Gundersen S, Aamdal S, Fodstad O
Br J Cancer. 1987 Apr;55(4):433-5. doi: 10.1038/bjc.1987.85.
A phase II trial with mitozolomide was carried out in patients with malignant melanoma, since in preclinical studies this new imidazotetrazine had shown promising effects against human melanoma xenografts. Twenty-one evaluable patients with advanced malignant melanoma were treated with 115 mg m-2 of mitozolomide, given orally every 6 weeks. None of the patients had received prior chemotherapy. Two partial responses (10 and 7+ months) were observed. The responding patients had lung metastases, and one of them had, in addition, a huge (17 X 14 cm) lymph node metastasis in the groin. Also, one patient had a 48% tumour volume reduction of lung metastases. The dose limiting side effect of the treatment was bone marrow depression, with delayed leukopenia and thrombocytopenia. The median white blood cell counts and platelet nadirs were 2.5 X 10(9) 1(-1) (range 1.1-3.8) and 59 X 10(9) 1(-1) (range 14-95), respectively. Non-haematological adverse reactions were limited to mild or moderate nausea. It is concluded that orally administered mitozolomide is active against malignant melanoma and seems to have a response rate comparable to those of the most active established drugs.
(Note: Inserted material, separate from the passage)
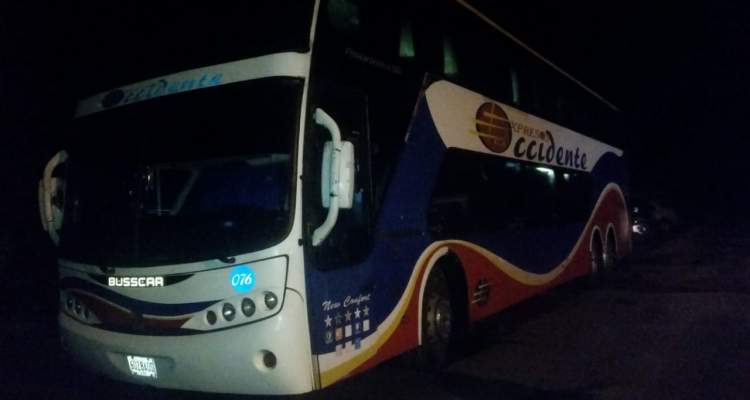 GNB y Polimiranda frustran atraco en autobús en El Cumbo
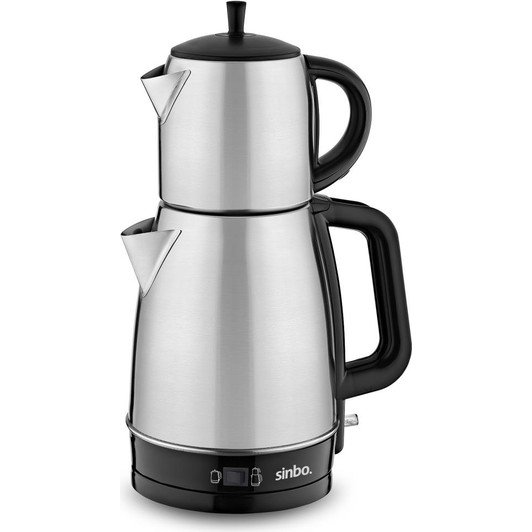 Sinbo STM-5831 Elektrikli Çay Seti - Gri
对恶性黑色素瘤患者进行了一项使用米托唑胺的II期试验,因为在临床前研究中,这种新型咪唑并四嗪已显示出对人黑色素瘤异种移植有良好效果。21例可评估的晚期恶性黑色素瘤患者接受了每6周口服115mg/m²米托唑胺的治疗。所有患者均未接受过先前的化疗。观察到2例部分缓解(缓解期分别为10个月和7个多月)。有反应的患者有肺转移,其中1例此外在腹股沟还有一个巨大的(17×14cm)淋巴结转移。另外,1例患者肺转移灶的肿瘤体积缩小了48%。治疗的剂量限制性副作用是骨髓抑制,伴有延迟性白细胞减少和血小板减少。白细胞计数中位数和血小板最低点分别为2.5×10⁹/L(范围1.1 - 3.8)和59×10⁹/L(范围14 - 95)。非血液学不良反应仅限于轻度或中度恶心。结论是口服米托唑胺对恶性黑色素瘤有活性,且似乎具有与最有效的现有药物相当的缓解率。